--- GIVEN DATA ---
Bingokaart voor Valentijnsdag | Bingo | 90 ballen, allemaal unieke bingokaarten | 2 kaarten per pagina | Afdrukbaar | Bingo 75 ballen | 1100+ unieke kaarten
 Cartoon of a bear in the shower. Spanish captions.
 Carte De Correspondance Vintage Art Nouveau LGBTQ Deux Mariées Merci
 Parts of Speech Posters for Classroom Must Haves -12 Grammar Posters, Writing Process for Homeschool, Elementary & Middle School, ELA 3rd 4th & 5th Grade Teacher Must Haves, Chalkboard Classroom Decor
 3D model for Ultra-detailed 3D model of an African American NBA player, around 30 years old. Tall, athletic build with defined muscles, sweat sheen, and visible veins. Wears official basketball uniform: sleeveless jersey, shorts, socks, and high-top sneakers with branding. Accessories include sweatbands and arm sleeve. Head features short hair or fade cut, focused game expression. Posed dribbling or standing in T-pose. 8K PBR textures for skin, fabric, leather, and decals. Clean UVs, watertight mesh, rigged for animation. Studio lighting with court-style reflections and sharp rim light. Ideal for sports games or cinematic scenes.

==

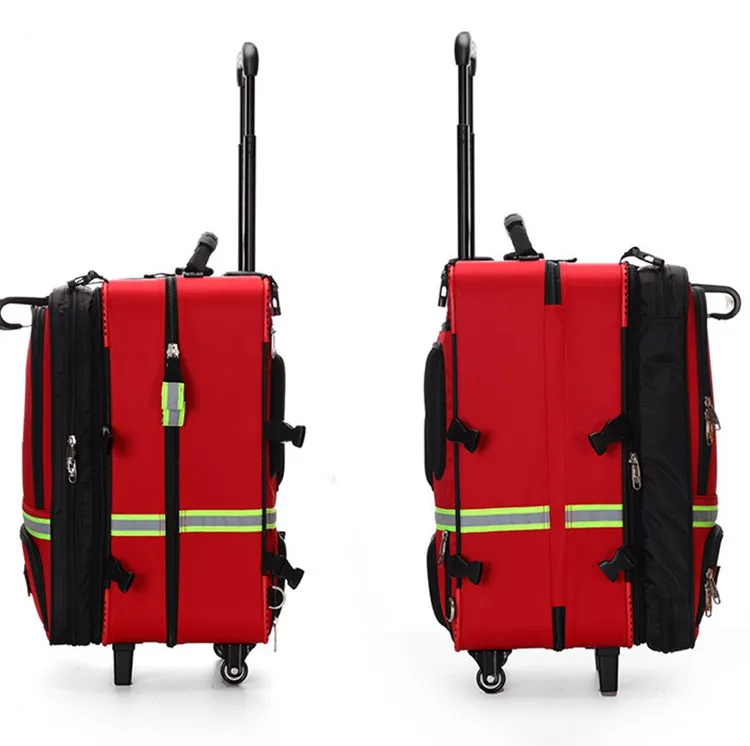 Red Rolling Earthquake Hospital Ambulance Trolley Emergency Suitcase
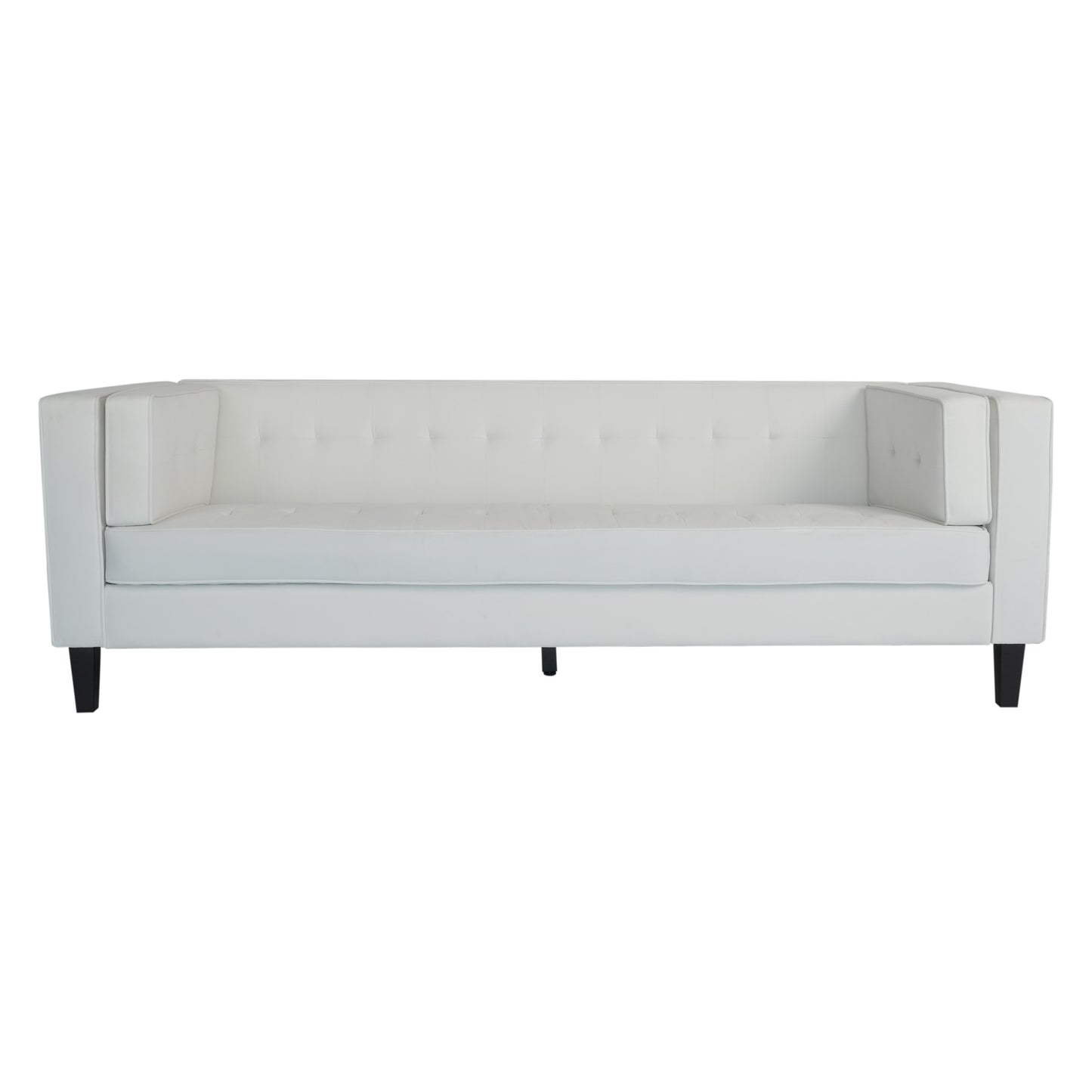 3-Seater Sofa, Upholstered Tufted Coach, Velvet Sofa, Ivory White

==

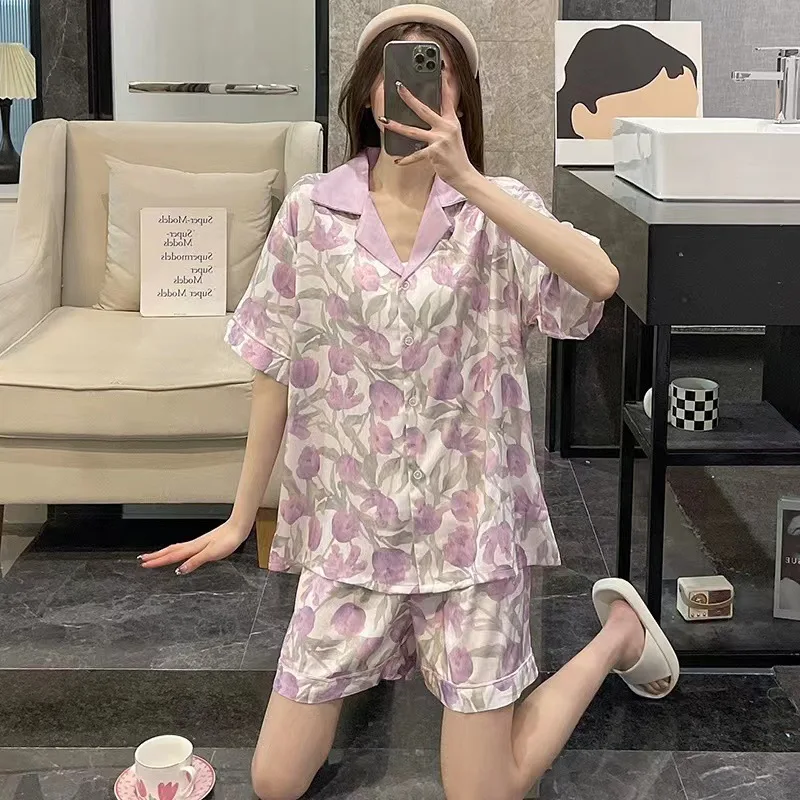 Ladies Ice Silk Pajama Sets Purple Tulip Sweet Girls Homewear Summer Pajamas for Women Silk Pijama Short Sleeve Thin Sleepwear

--- GOAL OF THE EXERCISE ---
Going by the entries above, repeat exactly the lines that start at the line with "Red Rolling Earthquake" and go on through the line with "3-Seater Sofa, Upholstered". Pictures are not part of the copy.

--- THE ANSWER ---
 Red Rolling Earthquake Hospital Ambulance Trolley Emergency Suitcase
 3-Seater Sofa, Upholstered Tufted Coach, Velvet Sofa, Ivory White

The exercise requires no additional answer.